§ SUPPLIED INFORMATION:
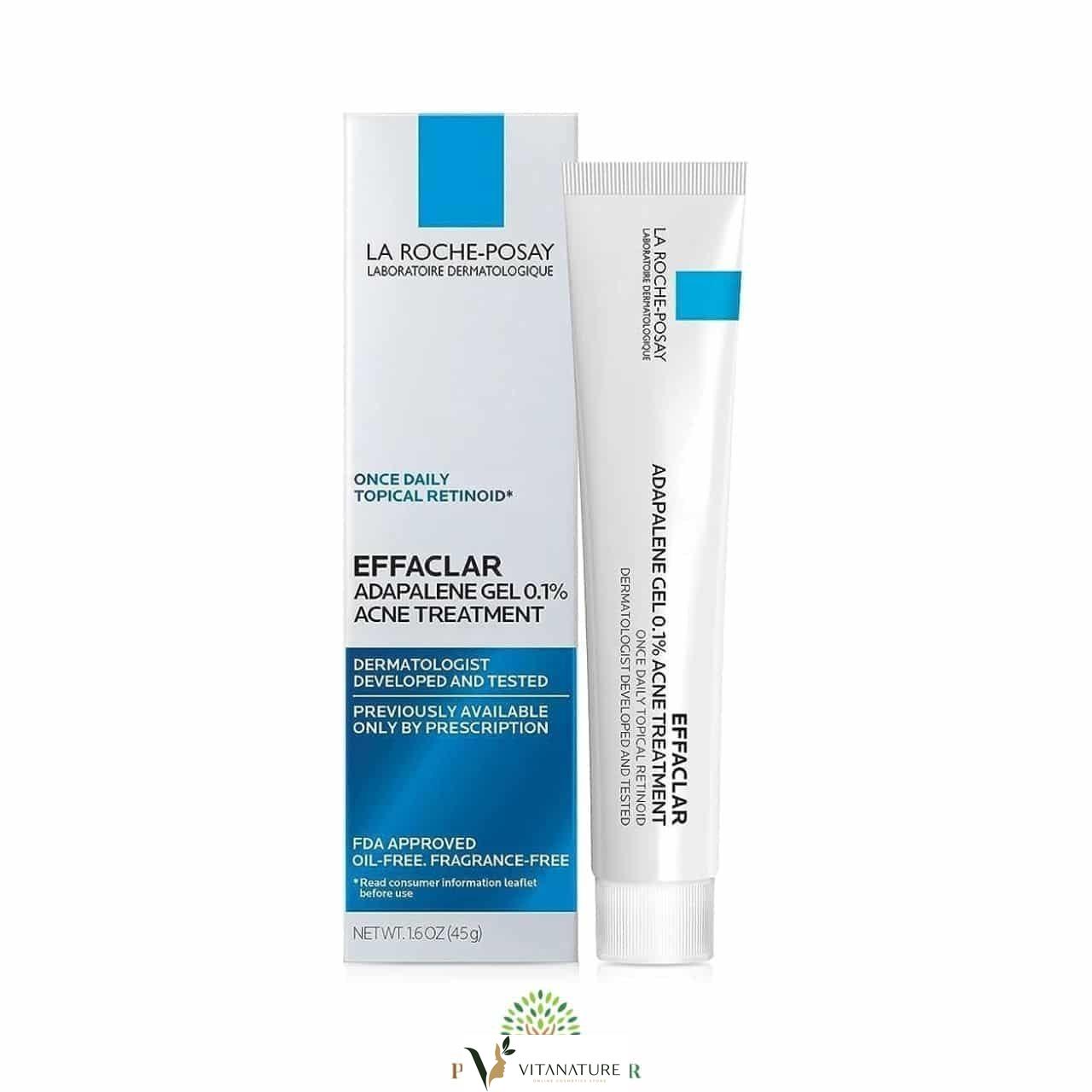 Gel d’adapalène effaclar de La Roche-Posay Traitement de l’acné à 0,1%, crème rétinoïde topique
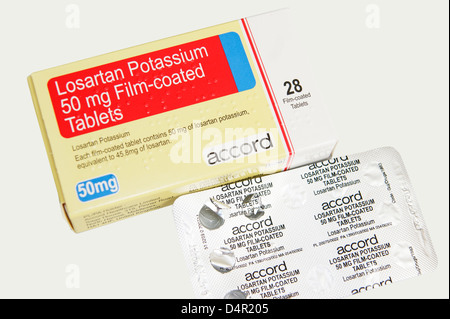 Losartan Potassium tablets used for lowering high blood pressure Stock Photo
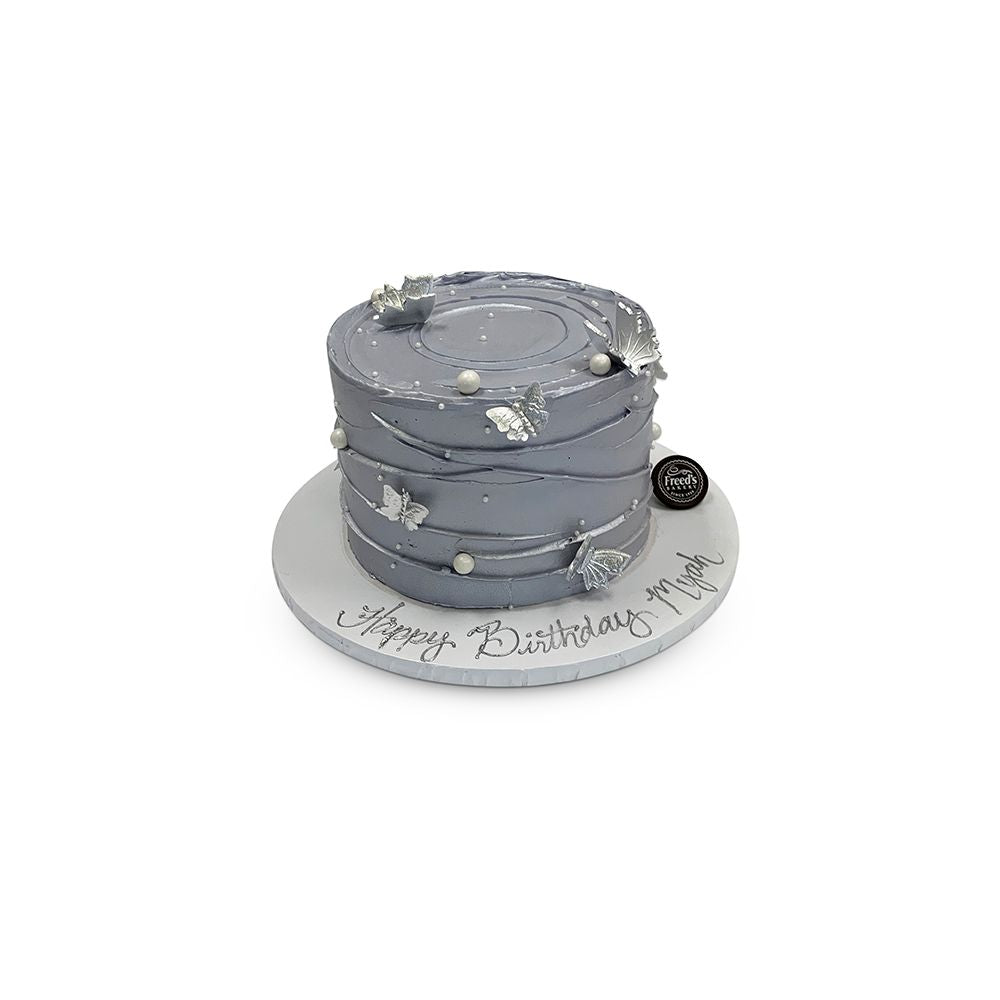 Whimsical Silver Butterflies Theme Cake Freed's Bakery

§ WHAT YOU NEED TO DO: Return the listing verbatim, pictures omitted.

§ TASK ANSWER:
 Gel d’adapalène effaclar de La Roche-Posay Traitement de l’acné à 0,1%, crème rétinoïde topique
 Losartan Potassium tablets used for lowering high blood pressure Stock Photo
 Whimsical Silver Butterflies Theme Cake Freed's Bakery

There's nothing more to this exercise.